On Saturday I attended the SETI Institutes "Day of Science", a public presentation on some topics of interest to those of us interested in the Fermi Paradox.

It started off well, with a stimulating lecture about using information theory to describe the complexity of animal languages as a test on what to look for in alien signals. The technique was applied to dolphins and humpback whales, showing that the sounds they made and their usage appeared to indicate that they were languages. Particularly interesting was the observation that baby dolphins babble like human infants before acquiring the adult sound patterns. The problem for the detection of alien signals is that if they are encrypted to maximize transmission, all this pattern is lost as the signal entropy is maximized. So we have to hope that the signals are unencrypted.

This was followed by a rather tedious lecture about the precautions needed to prevent contamination by spacecraft and humans on other planets. While we all want to preserve any living organisms on other planets, I couldn't help feeling that this was the ultimate stalling environmental impact report approach, designed to stymie any serious exploration of the planets where life might occur. Very noble, but if Columbus had had to comply, he wouldn't have bothered to make the trip.

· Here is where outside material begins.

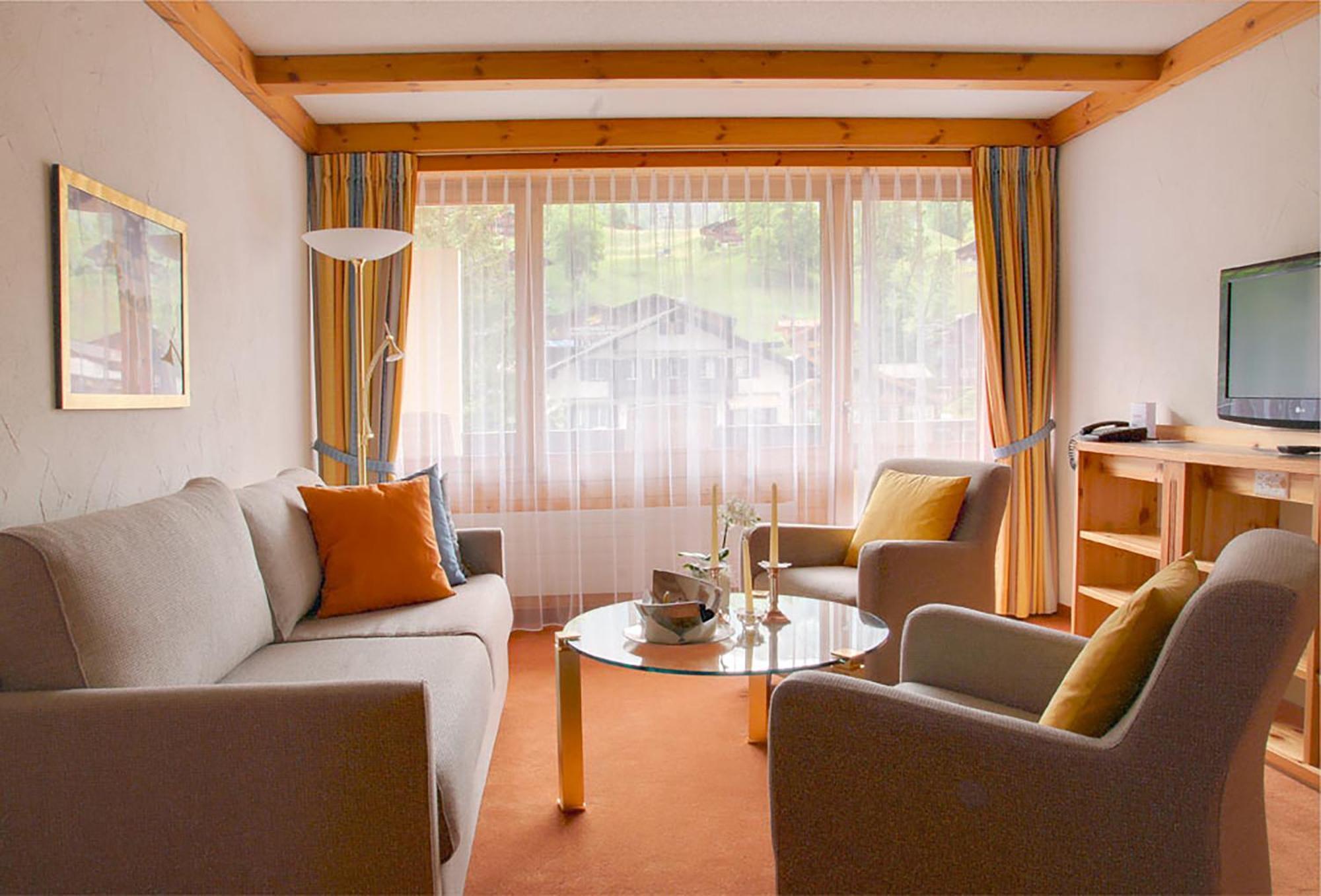 Sunstar Hotel & Spa Grindelwald Esterno foto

We then received a trio of lectures on the Kepler space telescope that may be able to detect earth sized planets around other stars, the early plans for a Europa mission, and a session on the philosophy behind what should we do if we actually receive unambiguous alien signals. The Kepler mission will probably be getting data for it's first discoveries in a couple of years, the Europa mission probably won't happen until the 2020's, if at all, and I seriously doubt we will receive signals from aliens in my lifetime.

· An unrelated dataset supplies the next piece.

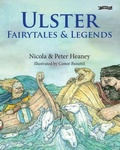 Cover: Ulster Fairytales and Legends - O'Brien Press Ltd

The last part of the program brought on the SETI rock stars. Jill Tarter, who has just won the 2009 TED prize, described the neww Allen Taelescope Array in northern California. I was pleased to hear that it was primarily for doing high resolution ratio telescope work, and only secondarily for alien signal detection. Most fascinating was the effect of Moore's lw on electronics affecting the size of each radio dish. Another few years and they might be small enough and cheap enough to buy at Radio-Shack. Then Seth Shostak took the stage to regale us with a very humorous presentation on the reasoning behind the SETI strategy. definitely a fun talk, but it was clear that SETI makes some huge assumptions about the aliens and thus the nature of the signals SETI hopes to listen for, namely very short, high strength, beacon signals that repeat over longer intervals, perhaps a week, perhaps a year.

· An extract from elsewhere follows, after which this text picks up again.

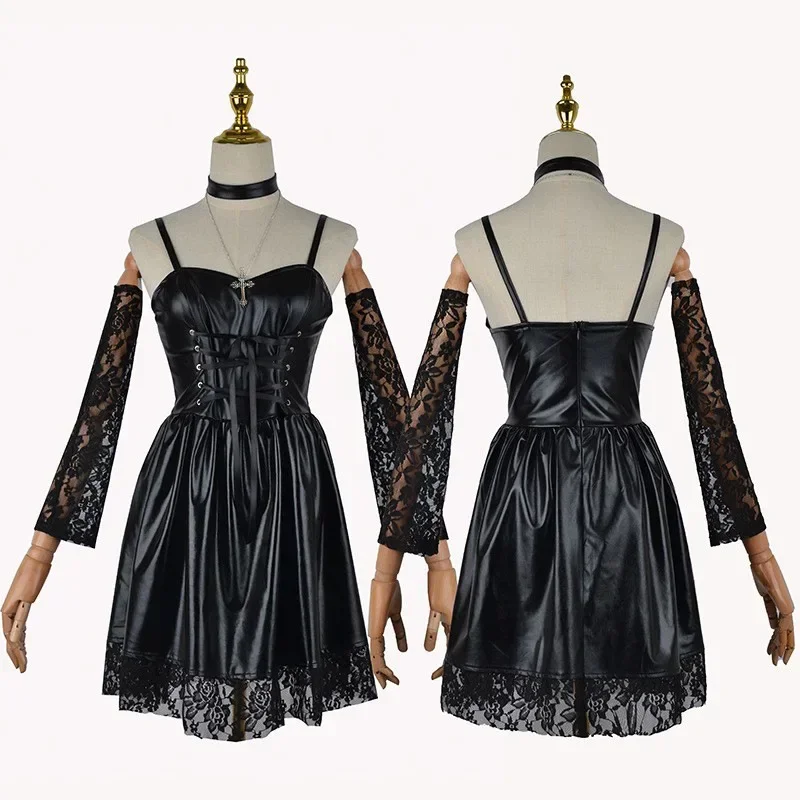 Misa Amane Cosplay Costume Dea - Violet Evergarden Dress ulasan dan harga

IMO, the SETI approach feels very similar to the 19th century idea of buring huge forest fires in a geometric shape as a way to signal to the Martians. SETI assumes that the aliens will use radio ways (or at least the electro-magnetic spectrum) and that they are only located on their home star, and therefore likely to be far away. This just strikes me as incredibly conservative. Aliens could easily determine likely life bearing planets, as we are just about to do today, maybe even pinpoint actually planets bearing life. Then they could send small probes to those planets to monitor them. If they wanted to communicate, a local signal could be generated, much like Clarke's monolith. And if they can send small probes, and they might be very small, then maybe they can communicate at FTL speeds, perhaps using quantum entanglement. In other words, we are assuming aliens will be using a level of technology extrapolated from ours, rather than what an advanced race might really use.

After the program I sopke to Shostak about his assumptions and he agreed, that all bets were off if the aliens were not remote but were indeed scattered through the galaxy.
But I accept that we have to start somewhere, so we might as well look, especially as the new ATA will give us that capability almost for free, piggy-backing on mainstream astronomy.